● **YOUR GOAL**
For the word "Photo", count the lines of the listing that contain it and give only the count.

● **MATERIAL SUPPLIED**
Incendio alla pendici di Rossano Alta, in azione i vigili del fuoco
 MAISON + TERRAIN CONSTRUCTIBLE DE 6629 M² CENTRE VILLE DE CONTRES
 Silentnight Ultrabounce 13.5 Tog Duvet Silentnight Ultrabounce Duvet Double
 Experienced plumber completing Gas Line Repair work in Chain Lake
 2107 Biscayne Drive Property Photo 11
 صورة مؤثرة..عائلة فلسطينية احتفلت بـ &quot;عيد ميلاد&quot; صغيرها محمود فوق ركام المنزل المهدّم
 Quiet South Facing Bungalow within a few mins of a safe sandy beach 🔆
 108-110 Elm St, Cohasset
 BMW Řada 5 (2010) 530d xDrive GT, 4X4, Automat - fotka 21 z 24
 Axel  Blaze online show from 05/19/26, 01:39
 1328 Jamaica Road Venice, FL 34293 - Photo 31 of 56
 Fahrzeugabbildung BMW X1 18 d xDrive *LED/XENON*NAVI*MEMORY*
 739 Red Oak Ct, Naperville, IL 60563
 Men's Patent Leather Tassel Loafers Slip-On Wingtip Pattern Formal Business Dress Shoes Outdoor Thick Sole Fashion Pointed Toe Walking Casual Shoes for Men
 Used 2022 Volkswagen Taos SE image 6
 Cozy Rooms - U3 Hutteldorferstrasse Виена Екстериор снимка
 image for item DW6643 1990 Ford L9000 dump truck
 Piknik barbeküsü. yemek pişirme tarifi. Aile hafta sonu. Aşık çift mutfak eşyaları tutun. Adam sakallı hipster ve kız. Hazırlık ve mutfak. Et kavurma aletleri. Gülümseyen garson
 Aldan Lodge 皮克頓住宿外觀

● **EXERCISE RESPONSE**
2